Surman: Who knows what will happen. I think the important question is about the constraints that people want to put on the growth of the internet. It starts with patents and copyright protection that slow down innovation. Those are concerns backed by the force of law, and our habits tend to change much quicker than the legal frameworks we build around them. And we often forget that increasing amounts of information might also have downsides, that we are losing control of our privacy. Innovation is not a smooth process. We want to slow down and hit the brakes, the tire blows out and we spin out of control. So there will be contentions issues as we struggle to come to terms with the implications of technological change. We want to strike balances. That takes time.
The European: So the determining factor is not technology itself, but our ability to reason about technology and establish new sets of norms and values?
Surman: If you think back to the industrial era, there were many technical and physical constraints, we were bound by atoms. In relation to the internet, the constraints are human. They might be abstract constraints – like the need for a philosophy for the internet or new sets of legal rules – or they might be deeper, cognitive constraints. It ties back to the idea of literacy: we want to be able to deal in a responsible manner with the speed of innovation. It starts with early childhood education, with growing up in a digital environment.
The European: Many of today’s adults grew up without the internet. Is that an important factor in understanding current debates about legal reform or privacy norms?
Surman: If you grow up with something, it just becomes more natural.
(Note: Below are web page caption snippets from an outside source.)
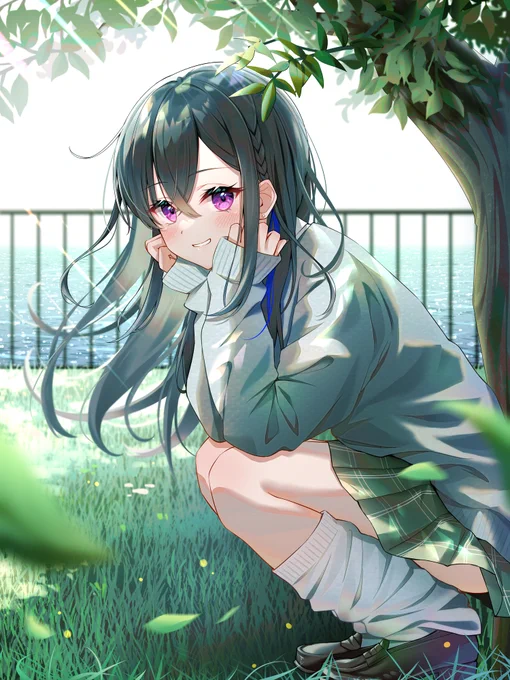 「ここ いいでしょ」#一ノ瀬の絵 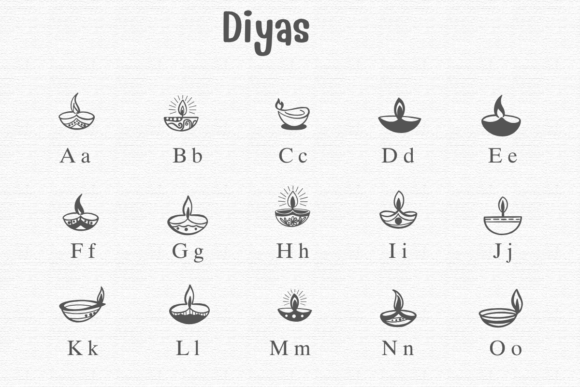 Diyas Font - Preview 1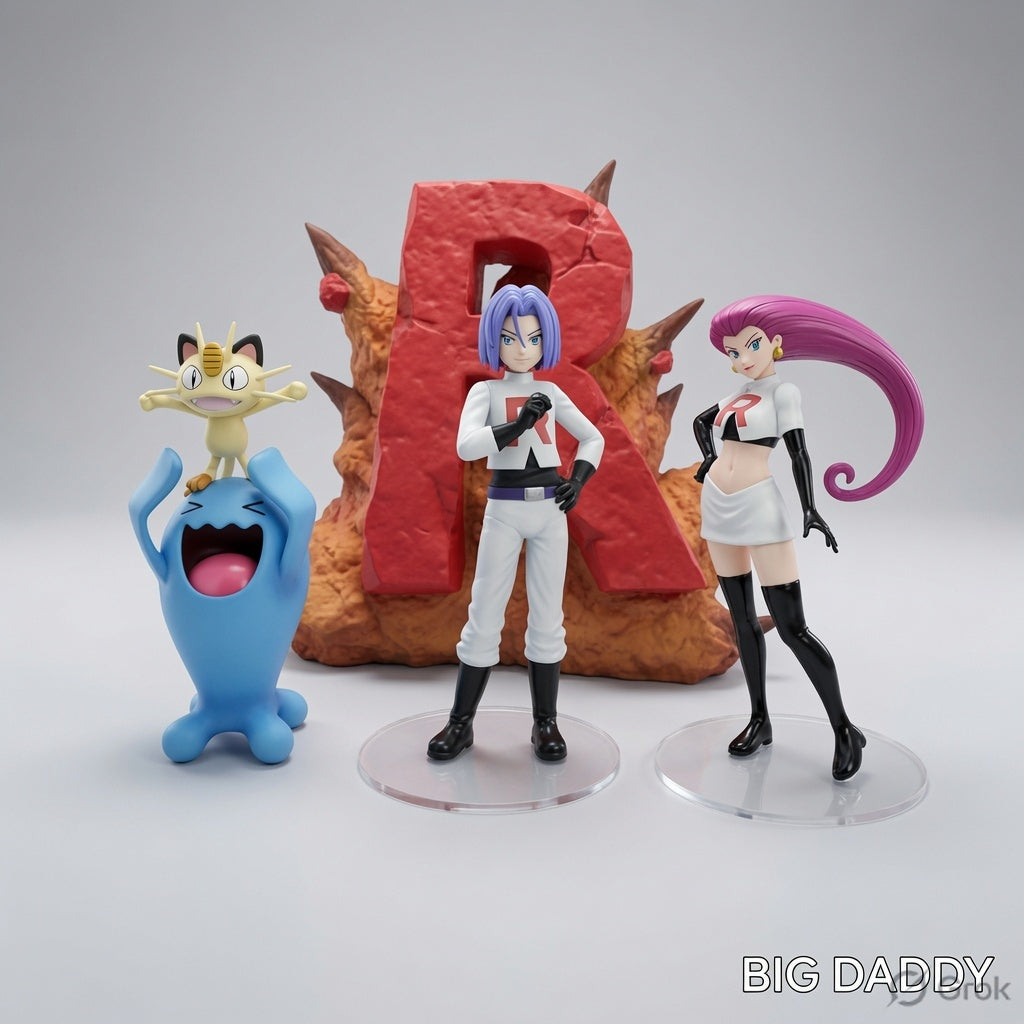 11 CM Team Rocket figure set
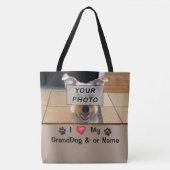 Persoonlijke FOTO Ik hou van mijn GrandDog-cadeaus Tote Bag (Voorkant)
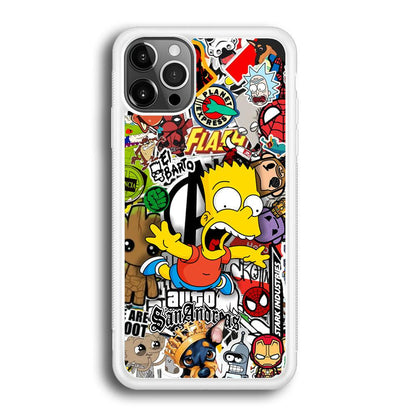 Bart Scream and Jumping iPhone 12 Pro Case-Oxvistore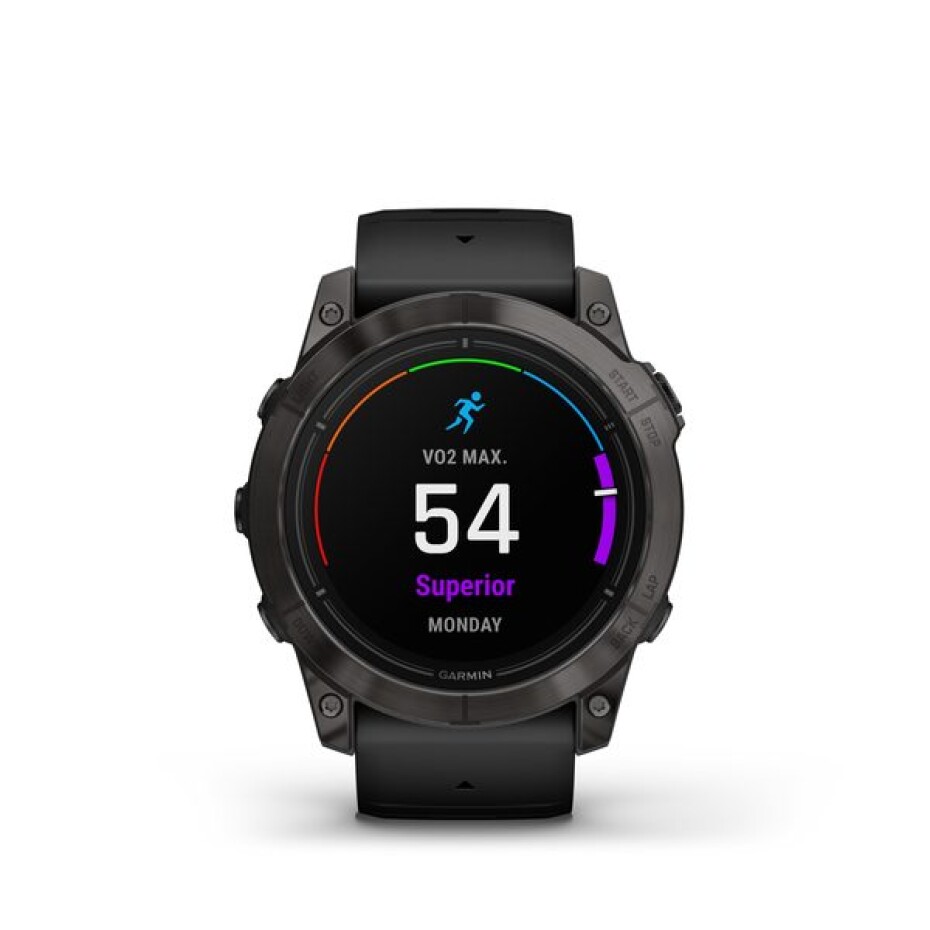 Garmin Epix™ Pro 51mm (Gen 2) Sapphire Edition Carbon Gray DLC Titanium / Black Band - 010-02804-01 - main (6)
Today’s choices seem to revolve around the importance we give to values such as openness and transparency. That might not even be an issue for our children or grandchildren anymore; I hope that these values will seem very natural to them. But what other reflexes will they have learned? What other norms will they have internalized by growing up in a digital world? So they will still have debates about the path of innovation, but those debates might be very different from the issues we are discussing today.